Viene in mente il filosofo Jean-Luc Nancy, là dove riflette su una «voce in quanto tale» che «non rinvia che a sé»: Ewa Benesz indaga la voce non come “entità semantica”, veicolante parole, ma soprattutto in quanto “entità vocalica”, al di qua e al di là del significato. Ecco quello che ci ha scritto sul suo lavoro a Ca’ Colmello:
«Il canovaccio dell’incontro sono le pratiche vocali scelte dall’antropologia del canto. Il suono è un fenomeno fisico analizzato e descritto dalla scienza. L’attore sperimenta la fisicità del suono. Cerca la fonte della sonorità nel proprio corpo, individua e riconosce il corpo come cassa di risonanza, ritrova gli spazi che vibrano lungo la colonna vertebrale, nel torace, nella gola e nel cranio. Ma il suono è un fenomeno immateriale, unisce l’udibile al non udibile, emerge dal silenzio e scompare, si dissolve. Simile alla luce che appare dalle tenebre e distingue il visibile dall’invisibile, quello che è da quello che non è. Le pratiche vocali provengono in gran parte dalle antiche tradizioni dell’Oriente. Nella cosmologia orientale il mondo è stato creato dal suono e il suono cosmico pervade il tutto. Il canto è tutt’uno col senso dell’udito che percepisce intorno a noi, vicino a noi, lontano da noi, verso l’alto, in tutte le direzioni. L’udito riconosce lo spazio. Mariusz Schneider sostiene che è l’udito il senso più mistico dei cinque e che la forza attiva del canto è la fiducia. Ma non possiamo dimenticare la cosa fondamentale: il respiro è il veicolo della voce, il quale dona al canto un potere particolare. La sonorità del canto è stata catturata nelle cupole e nelle campane dei luoghi di culto e di protezione. Io so dalla mia esperienza che il canto invoca la memoria del corpo. Ringrazio Chiara Tabarroni e Bruno Fronteddu per la possibilità delle esperienze nella loro casa di Ca’ Colmello, la sala ha buona acustica e il centro ha qualcosa di trasparente».
Ewa Benesz
Attrice polacca, laureata in Lettere all’Università di Lublino e diplomata in Arte Drammatica a Varsavia. Ha lavorato nell’Instytut Aktora-Teatr Laboratorium diretto da Jerzy Grotowski in Polonia. Nel ‘70 ha fondato assieme a tre colleghi della Scuola d’Arte Drammatica di Varsavia lo Studio Teatrale. Negli anni ‘75-‘76 ha insegnato all’Università di Lublino Teoria della Cultura e Storia del Teatro Contemporaneo. Dall’ ‘82 al ‘96 ha collaborato con Rena Mirecka nei progetti parateatrali Be here now…Towards, The way to the centre e Now it’s the Flight, realizzati in vari Paesi d’Europa, in America e in Israele. Dal ‘97 conduce le esperienze parateatrali Essere, Verso l’origine, Le pratiche originarie dell’attore e Le pratiche vocali in varie città e luoghi d’Europa. Collabora con l’Università degli Studi Suor Orsola Benincasa di Napoli, l’Università degli Studi di Catania, l’Università Ca’ Foscari di Venezia e con l’Università M.C.Sklodowska di Lublino, in Polonia. Vive in una casa tra le montagne in Sardegna dove sta sviluppando una ricerca pratica ispirata agli antichi testi sanscriti dei Veda.

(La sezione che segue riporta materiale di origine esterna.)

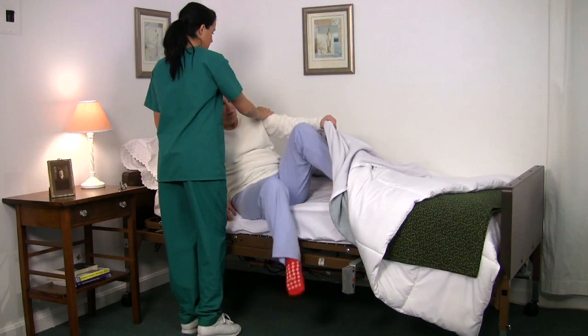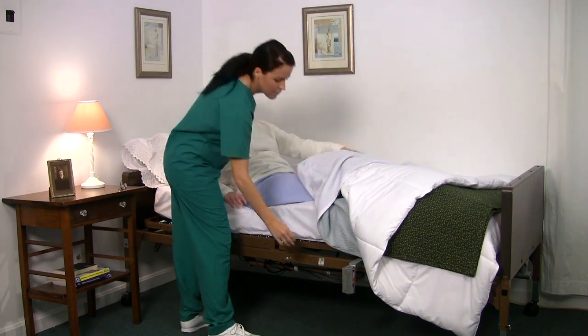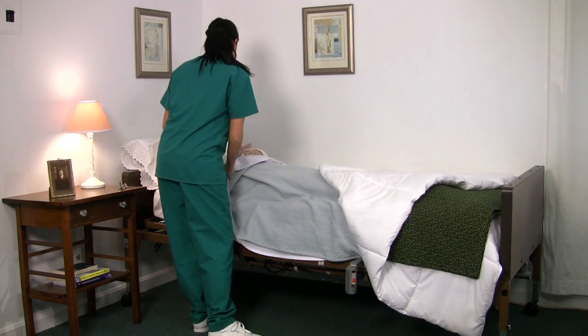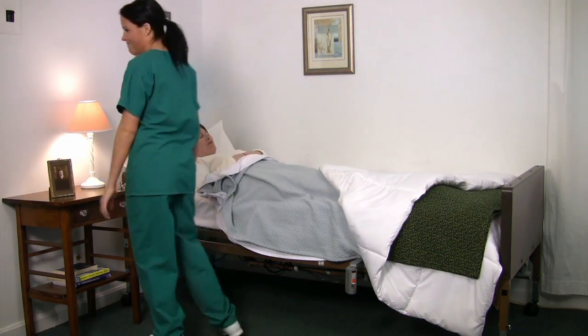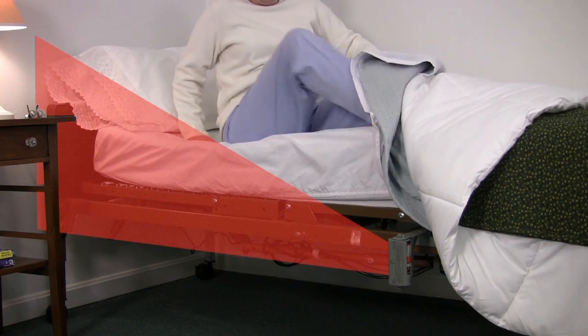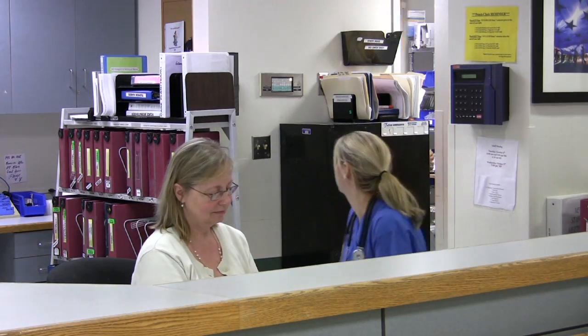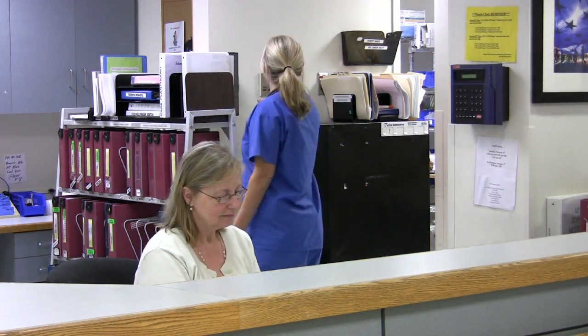Now that both your PIR alarm and nurse call units are set up and functional, you are ready to begin using the PIR system. With the unit mounted in the specified area and the patient in place, turn the device on. Remember, you have 10 seconds before the alarm activates in case you need to cross the sensing field. When your patient rises and breaks the beam's path, the alarm will sound immediately both at bedside and at the nurse's station. This gives the caregiver ample time — whether nearby or at the nurse's station — to attend to the patient who is now in danger of falling. Be sure to test the system daily to ensure proper function.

Chi fosse interessato a questi temi veda almeno il numero monografico di “Culture Teatrali” su Teatri di voce, a cura di Lucia Amara e Piersandra Di Matteo (Bologna, 2010).
Per concludere, Italo Calvino: «C’è una persona viva, gola, torace, sentimenti, che spinge nell’aria questa voce diversa da tutte le altre voci».